La mesure couvre un large éventail d’infrastructures. Les établissements scolaires et universitaires, les structures de santé, les bâtiments administratifs, les hôtels, bars, restaurants, discothèques, casinos, supermarchés, salles de sport, bibliothèques, salles de spectacles, cinémas ou encore théâtres figurent parmi les espaces concernés. L’interdiction s’étend également aux moyens de transport public, aux halls d’aéroports, aux gares, aux ports, aux abribus, aux ascenseurs ainsi qu’aux parties communes des immeubles d’habitation.
Par cette décision, les pouvoirs publics entendent réduire de manière significative l’exposition involontaire des citoyens à la fumée du tabac, reconnue comme un facteur majeur de nombreuses pathologies respiratoires, cardiovasculaires et cancéreuses.
De nouvelles obligations pour les gestionnaires d’établissements
L’ordonnance ne se limite pas aux seuls consommateurs. Les responsables des établissements accueillant du public sont désormais tenus de mettre en œuvre plusieurs mesures de conformité.
Ils devront notamment afficher de manière visible les panneaux signalant l’interdiction de fumer, retirer les cendriers présents dans les espaces concernés et prendre toutes les dispositions légales nécessaires pour faire respecter la réglementation. Cette responsabilité élargie vise à garantir l’application effective du dispositif sur l’ensemble du territoire national.
Les autorités espèrent ainsi instaurer progressivement une culture de respect des espaces sans fumée, à l’image des standards déjà appliqués dans de nombreux pays engagés dans la lutte contre le tabagisme.
Des sanctions prévues pour les contrevenants
Afin d’assurer l’efficacité de cette réforme, le texte prévoit un régime de sanctions à l’encontre des personnes physiques et morales qui enfreindraient les nouvelles dispositions.
Les amendes pourront varier selon la nature de l’infraction et le statut du contrevenant. Les particuliers, les revendeurs, les grossistes ou encore les fabricants de produits du tabac sont tous concernés par ce dispositif répressif destiné à décourager les comportements contraires à la réglementation.

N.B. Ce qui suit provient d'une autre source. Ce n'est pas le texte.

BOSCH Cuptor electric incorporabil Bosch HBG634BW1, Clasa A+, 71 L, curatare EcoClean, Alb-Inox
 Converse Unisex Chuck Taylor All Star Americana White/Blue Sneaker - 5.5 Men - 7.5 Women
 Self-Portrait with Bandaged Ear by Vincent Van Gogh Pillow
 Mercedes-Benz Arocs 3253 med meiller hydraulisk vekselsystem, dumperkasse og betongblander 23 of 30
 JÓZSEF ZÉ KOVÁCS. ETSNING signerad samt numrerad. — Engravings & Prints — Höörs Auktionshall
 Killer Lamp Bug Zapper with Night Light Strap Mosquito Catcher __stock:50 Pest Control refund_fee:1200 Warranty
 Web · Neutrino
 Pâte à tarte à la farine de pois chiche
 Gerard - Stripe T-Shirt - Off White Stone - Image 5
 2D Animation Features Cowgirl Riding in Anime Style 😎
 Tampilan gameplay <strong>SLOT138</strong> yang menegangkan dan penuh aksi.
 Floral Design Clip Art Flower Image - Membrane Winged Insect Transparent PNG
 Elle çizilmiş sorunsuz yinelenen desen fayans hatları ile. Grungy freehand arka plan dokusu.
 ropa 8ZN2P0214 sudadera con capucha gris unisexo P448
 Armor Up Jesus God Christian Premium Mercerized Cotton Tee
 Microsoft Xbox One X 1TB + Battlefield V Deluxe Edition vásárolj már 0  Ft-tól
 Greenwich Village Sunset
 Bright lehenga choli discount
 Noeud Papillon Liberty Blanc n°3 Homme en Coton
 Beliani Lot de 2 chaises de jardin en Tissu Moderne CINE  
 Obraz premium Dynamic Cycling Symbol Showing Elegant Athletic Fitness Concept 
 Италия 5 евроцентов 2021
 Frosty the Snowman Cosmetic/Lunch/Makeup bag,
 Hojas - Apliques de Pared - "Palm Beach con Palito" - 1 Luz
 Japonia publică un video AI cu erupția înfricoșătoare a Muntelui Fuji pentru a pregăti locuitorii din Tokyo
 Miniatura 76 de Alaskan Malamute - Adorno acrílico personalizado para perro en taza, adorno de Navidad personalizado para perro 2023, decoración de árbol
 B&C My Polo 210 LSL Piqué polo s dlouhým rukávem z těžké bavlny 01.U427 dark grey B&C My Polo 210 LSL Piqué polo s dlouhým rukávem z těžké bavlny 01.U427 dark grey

Cette approche combine ainsi prévention, sensibilisation et sanction, dans l’objectif de réduire durablement la consommation du tabac au Gabon.
Un tournant pour la santé publique
Avec cette ordonnance, le Gabon affiche son ambition de renforcer la protection sanitaire de ses citoyens et de se conformer davantage aux engagements internationaux en matière de lutte antitabac. La création d’espaces publics totalement protégés contre la fumée représente une évolution importante dans la politique nationale de santé.
Au-delà de la réglementation, les autorités misent également sur un changement progressif des comportements afin de préserver les générations futures des conséquences sanitaires, sociales et économiques liées à la consommation du tabac et de ses dérivés.